TO DO: Print each entry exactly, all the way through.

─── DATA LISTING

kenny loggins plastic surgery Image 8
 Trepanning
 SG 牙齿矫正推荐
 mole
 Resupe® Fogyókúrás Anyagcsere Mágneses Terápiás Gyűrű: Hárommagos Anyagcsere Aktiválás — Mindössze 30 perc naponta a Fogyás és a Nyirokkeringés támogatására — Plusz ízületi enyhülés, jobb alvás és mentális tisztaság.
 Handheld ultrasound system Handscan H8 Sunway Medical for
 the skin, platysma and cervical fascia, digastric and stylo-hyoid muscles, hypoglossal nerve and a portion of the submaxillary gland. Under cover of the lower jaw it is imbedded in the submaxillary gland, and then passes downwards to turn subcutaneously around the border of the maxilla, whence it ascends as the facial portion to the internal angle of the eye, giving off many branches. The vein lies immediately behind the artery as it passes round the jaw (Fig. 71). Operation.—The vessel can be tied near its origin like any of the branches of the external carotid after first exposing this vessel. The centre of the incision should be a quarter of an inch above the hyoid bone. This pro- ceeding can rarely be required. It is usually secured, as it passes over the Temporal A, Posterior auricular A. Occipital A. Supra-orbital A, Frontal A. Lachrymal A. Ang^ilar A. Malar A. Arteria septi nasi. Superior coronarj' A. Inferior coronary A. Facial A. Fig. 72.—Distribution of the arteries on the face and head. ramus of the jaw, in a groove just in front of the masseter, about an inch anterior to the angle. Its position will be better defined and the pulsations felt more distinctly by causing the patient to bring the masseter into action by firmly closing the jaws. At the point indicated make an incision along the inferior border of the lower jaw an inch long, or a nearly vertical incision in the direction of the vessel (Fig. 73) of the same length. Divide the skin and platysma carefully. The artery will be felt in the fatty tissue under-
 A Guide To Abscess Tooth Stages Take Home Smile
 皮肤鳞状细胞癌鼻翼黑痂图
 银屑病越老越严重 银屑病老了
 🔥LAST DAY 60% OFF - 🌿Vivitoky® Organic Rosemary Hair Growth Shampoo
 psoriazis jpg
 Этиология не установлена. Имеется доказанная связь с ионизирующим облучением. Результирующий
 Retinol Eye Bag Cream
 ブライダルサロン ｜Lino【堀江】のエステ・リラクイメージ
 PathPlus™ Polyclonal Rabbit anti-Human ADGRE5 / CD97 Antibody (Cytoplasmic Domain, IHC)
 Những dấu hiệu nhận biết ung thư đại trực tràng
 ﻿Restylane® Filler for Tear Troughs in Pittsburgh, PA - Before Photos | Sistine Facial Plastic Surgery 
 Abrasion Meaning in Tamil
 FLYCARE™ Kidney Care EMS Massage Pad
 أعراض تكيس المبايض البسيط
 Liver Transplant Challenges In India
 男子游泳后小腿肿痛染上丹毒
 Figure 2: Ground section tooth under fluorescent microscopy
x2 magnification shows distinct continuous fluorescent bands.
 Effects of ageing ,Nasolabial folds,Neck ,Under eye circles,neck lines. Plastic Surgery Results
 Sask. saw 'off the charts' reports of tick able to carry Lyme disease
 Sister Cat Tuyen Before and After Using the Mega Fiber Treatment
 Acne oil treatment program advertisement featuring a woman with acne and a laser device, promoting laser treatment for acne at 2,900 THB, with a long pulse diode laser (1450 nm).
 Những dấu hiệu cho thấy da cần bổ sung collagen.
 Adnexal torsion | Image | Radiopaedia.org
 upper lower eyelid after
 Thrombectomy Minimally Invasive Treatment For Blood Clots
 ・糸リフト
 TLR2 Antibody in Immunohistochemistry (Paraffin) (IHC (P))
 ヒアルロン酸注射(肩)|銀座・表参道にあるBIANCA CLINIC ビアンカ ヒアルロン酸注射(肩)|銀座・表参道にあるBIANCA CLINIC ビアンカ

──────

SOLUTION FOR THIS TASK:
kenny loggins plastic surgery Image 8
 Trepanning
 SG 牙齿矫正推荐
 mole
 Resupe® Fogyókúrás Anyagcsere Mágneses Terápiás Gyűrű: Hárommagos Anyagcsere Aktiválás — Mindössze 30 perc naponta a Fogyás és a Nyirokkeringés támogatására — Plusz ízületi enyhülés, jobb alvás és mentális tisztaság.
 Handheld ultrasound system Handscan H8 Sunway Medical for
 the skin, platysma and cervical fascia, digastric and stylo-hyoid muscles, hypoglossal nerve and a portion of the submaxillary gland. Under cover of the lower jaw it is imbedded in the submaxillary gland, and then passes downwards to turn subcutaneously around the border of the maxilla, whence it ascends as the facial portion to the internal angle of the eye, giving off many branches. The vein lies immediately behind the artery as it passes round the jaw (Fig. 71). Operation.—The vessel can be tied near its origin like any of the branches of the external carotid after first exposing this vessel. The centre of the incision should be a quarter of an inch above the hyoid bone. This pro- ceeding can rarely be required. It is usually secured, as it passes over the Temporal A, Posterior auricular A. Occipital A. Supra-orbital A, Frontal A. Lachrymal A. Ang^ilar A. Malar A. Arteria septi nasi. Superior coronarj' A. Inferior coronary A. Facial A. Fig. 72.—Distribution of the arteries on the face and head. ramus of the jaw, in a groove just in front of the masseter, about an inch anterior to the angle. Its position will be better defined and the pulsations felt more distinctly by causing the patient to bring the masseter into action by firmly closing the jaws. At the point indicated make an incision along the inferior border of the lower jaw an inch long, or a nearly vertical incision in the direction of the vessel (Fig. 73) of the same length. Divide the skin and platysma carefully. The artery will be felt in the fatty tissue under-
 A Guide To Abscess Tooth Stages Take Home Smile
 皮肤鳞状细胞癌鼻翼黑痂图
 银屑病越老越严重 银屑病老了
 🔥LAST DAY 60% OFF - 🌿Vivitoky® Organic Rosemary Hair Growth Shampoo
 psoriazis jpg
 Этиология не установлена. Имеется доказанная связь с ионизирующим облучением. Результирующий
 Retinol Eye Bag Cream
 ブライダルサロン ｜Lino【堀江】のエステ・リラクイメージ
 PathPlus™ Polyclonal Rabbit anti-Human ADGRE5 / CD97 Antibody (Cytoplasmic Domain, IHC)
 Những dấu hiệu nhận biết ung thư đại trực tràng
 ﻿Restylane® Filler for Tear Troughs in Pittsburgh, PA - Before Photos | Sistine Facial Plastic Surgery 
 Abrasion Meaning in Tamil
 FLYCARE™ Kidney Care EMS Massage Pad
 أعراض تكيس المبايض البسيط
 Liver Transplant Challenges In India
 男子游泳后小腿肿痛染上丹毒
 Figure 2: Ground section tooth under fluorescent microscopy
x2 magnification shows distinct continuous fluorescent bands.
 Effects of ageing ,Nasolabial folds,Neck ,Under eye circles,neck lines. Plastic Surgery Results
 Sask. saw 'off the charts' reports of tick able to carry Lyme disease
 Sister Cat Tuyen Before and After Using the Mega Fiber Treatment
 Acne oil treatment program advertisement featuring a woman with acne and a laser device, promoting laser treatment for acne at 2,900 THB, with a long pulse diode laser (1450 nm).
 Những dấu hiệu cho thấy da cần bổ sung collagen.
 Adnexal torsion | Image | Radiopaedia.org
 upper lower eyelid after
 Thrombectomy Minimally Invasive Treatment For Blood Clots
 ・糸リフト
 TLR2 Antibody in Immunohistochemistry (Paraffin) (IHC (P))
 ヒアルロン酸注射(肩)|銀座・表参道にあるBIANCA CLINIC ビアンカ ヒアルロン酸注射(肩)|銀座・表参道にあるBIANCA CLINIC ビアンカ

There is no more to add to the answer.